Records for the exercise:
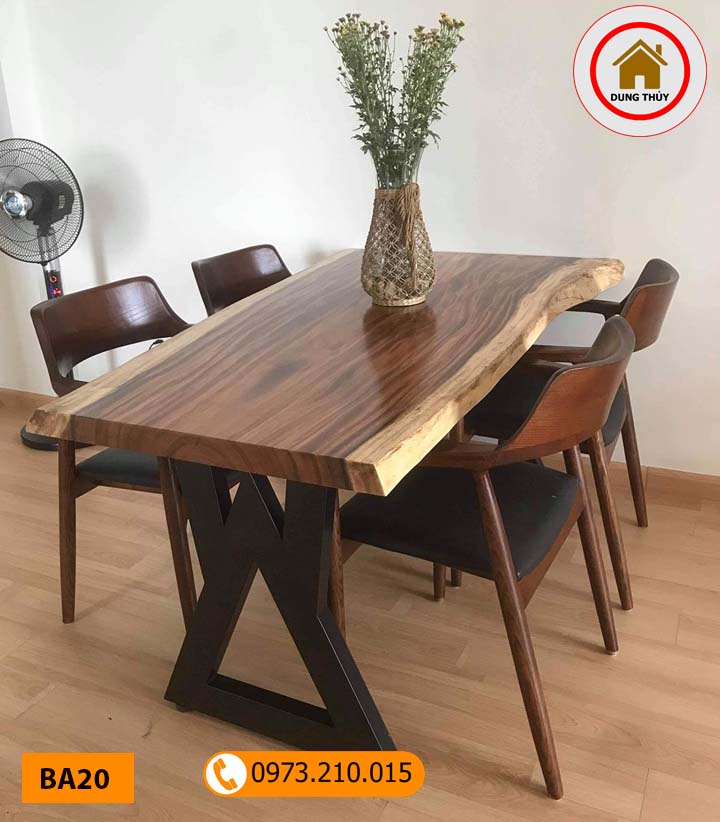 Bộ bàn ăn nguyên tấm 4 ghế gỗ me tây BA20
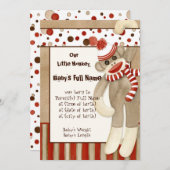 Sock Monkey, Boy Birth Ankündigung (Vorne/Hinten)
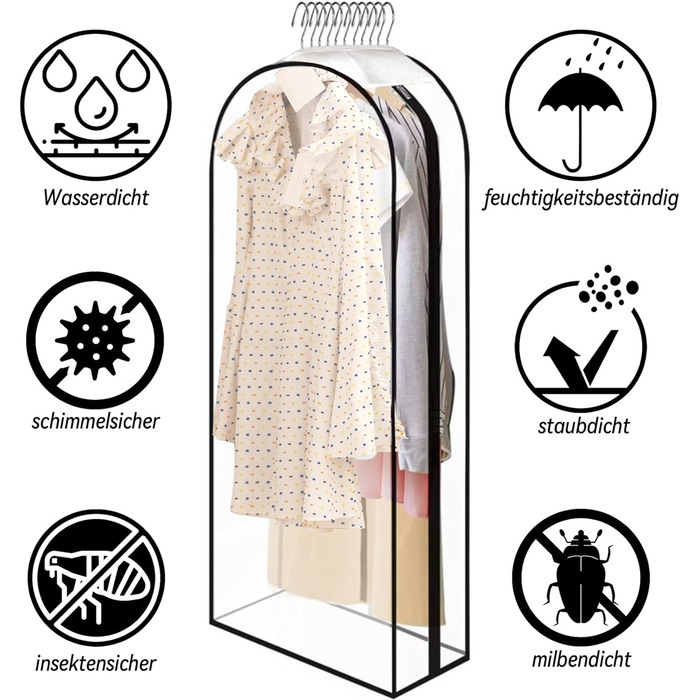 Прозорі мішки для одягу 2 шт. 110x60x25 см - захист та зберігання одягу під час подорожей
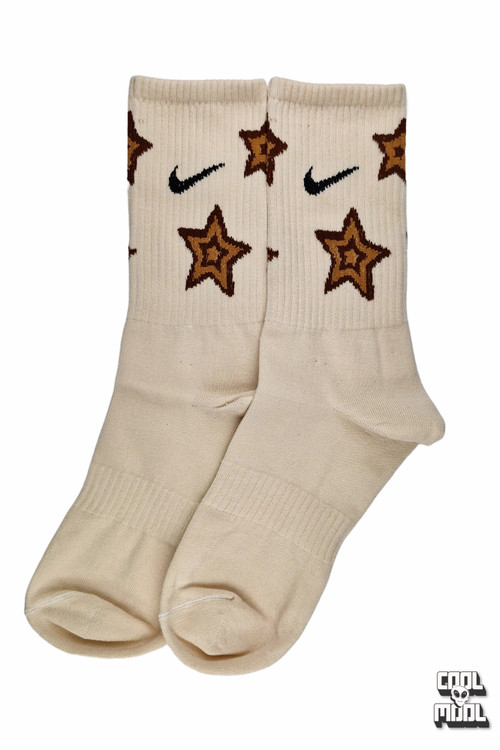 جوراب نخ پنبه نایک ستاره ای قهوه ایی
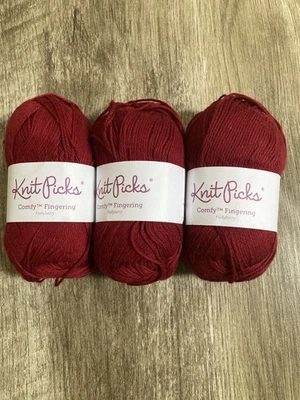 Knit Picks Comfy Fingering Cotton Blend 3 Skeins Yarn Lot, Color Red Hollyberry - Image 1 of 4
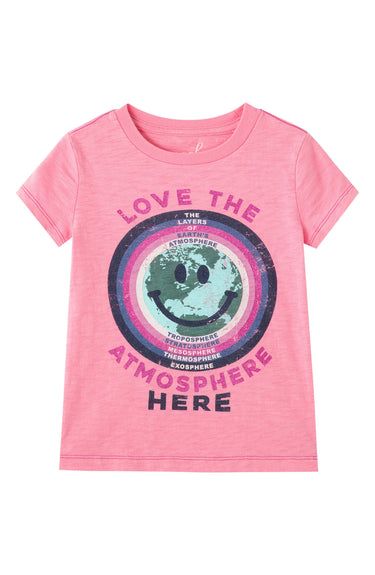 Peek Aren'T You Curious Kids' Protect the Ozone Graphic Tee, Size 8 in Pink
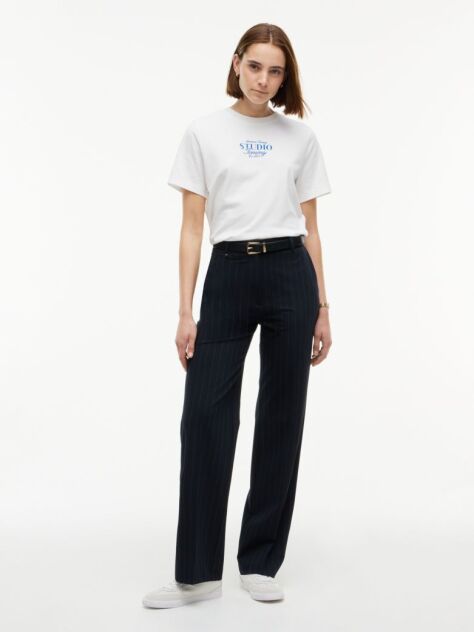Μπεζ T-Shirt Με Κλασική Λαιμόκοψη Και Λογότυπο  Γυναίκες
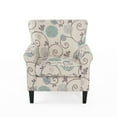 thumbnail image 2 of Accent Club Chair, Classic Rolled Arms, Floral White and Blue Fabric Design, 2 of 5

Task to complete: Restate the records above in full and word for word, but do not carry over any pictures.

Reply to the exercise:
 Bộ bàn ăn nguyên tấm 4 ghế gỗ me tây BA20
 Sock Monkey, Boy Birth Ankündigung (Vorne/Hinten)
 Прозорі мішки для одягу 2 шт. 110x60x25 см - захист та зберігання одягу під час подорожей
 جوراب نخ پنبه نایک ستاره ای قهوه ایی
 Knit Picks Comfy Fingering Cotton Blend 3 Skeins Yarn Lot, Color Red Hollyberry - Image 1 of 4
 Peek Aren'T You Curious Kids' Protect the Ozone Graphic Tee, Size 8 in Pink
Μπεζ T-Shirt Με Κλασική Λαιμόκοψη Και Λογότυπο  Γυναίκες
 thumbnail image 2 of Accent Club Chair, Classic Rolled Arms, Floral White and Blue Fabric Design, 2 of 5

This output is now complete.